Study finds enough geologic storage to meet U.N. climate goals

Source: By Carlos Anchondo, E&E News reporter • Posted: Wednesday, December 11, 2019

NRG Energy Inc.'s Petra Nova carbon capture project. Photo credit: Edward Klump/E&E News

NRG Energy Inc.’s Petra Nova carbon capture project in Texas. A recent study said offshore geologic storage of carbon dioxide is “an attractive and efficient long-term strategy” to meet global climate goals. Edward Klump/E&E News

There’s room underground for storing enough carbon dioxide to allow the world to hit key critical climate targets, an international research team said in a study published recently in Scientific Reports.

The study says as many as 14,000 injection wells will be needed worldwide by 2050 to store up to 7,000 million tons of CO2 a year — large-scale geologic disposal of industrial emissions that researchers call “essential” to significantly reducing heat-trapping gases in the atmosphere.

Co-authored by scholars at the University of Texas, Austin, and the Norwegian University of Science and Technology (NTNU), the paper uses historical well-development scenarios from “mature” hydrocarbon basins and applies pressure constraints to create a road map of offshore CO2 storage that would help meet the U.N. Intergovernmental Panel on Climate Change’s goal of limiting warming to 2 degrees Celsius.

Tip Meckel, a senior research scientist at the Bureau of Economic Geology at UT Austin, said that assuming the CO2 could be delivered at the right amount, there wouldn’t be a limit on the rate at which the injection wells could be deployed.

“I think what we’re trying to do is provide some decisionmakers with a sense that — were they to pursue [carbon capture and storage] and carbon capture sort of broadly throughout their energy sectors — there would be a place for all of that CO2 through time,” Meckel said.

The paper said offshore continental shelves are the most significant place for the geologic storage of captured CO2. While onshore basins are important, offshore settings provide “vast subsurface rock volumes” with suitable depth range and a relatively young age.

While a greater focus has studied where CO2 is injected and how it stays trapped, the paper says the pressure buildup associated with injecting CO2 is “ultimately” what limits CO2 injection and total storage capacity.

Meckel said shallower injection wells — where there’s more ability to elevate pressure — are the first candidates for storage.
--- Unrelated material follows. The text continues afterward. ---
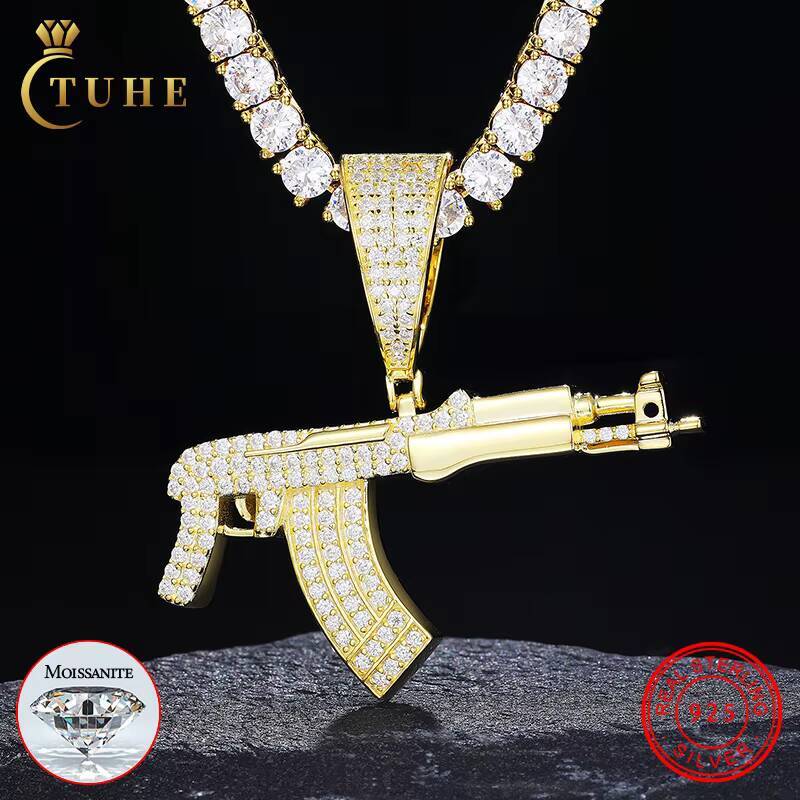 Rappers Punk Style 18K Gold Plated 925 Sterling Silver VVS Moissanite Diamond Iced Out AK47 Gun Pendant for Men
Deeper wells mean a greater fluid pressure, which in turn means a reduced ability to elevate pressure with injection.

“We see this as a sort of phased approach, where you’re developing the shallowest resource first because it’s easiest to elevate pressure and then potentially moving into these other classes,” Meckel said, describing the study’s tiered deployment strategy.

Published last month, the paper acknowledges the CCS sectors need to grow by “an order of magnitude” to realize goals under the 2 C scenario. This week, a status report from the Global CCS Institute — an international think tank that advocates for the technology — said there are now 51 large-scale CCS facilities worldwide, although only 19 are operational.

That number needs to increase to nearly 2,000 facilities by 2040, the report found, in order to hit climate change mitigation goals (Energywire, Dec. 9).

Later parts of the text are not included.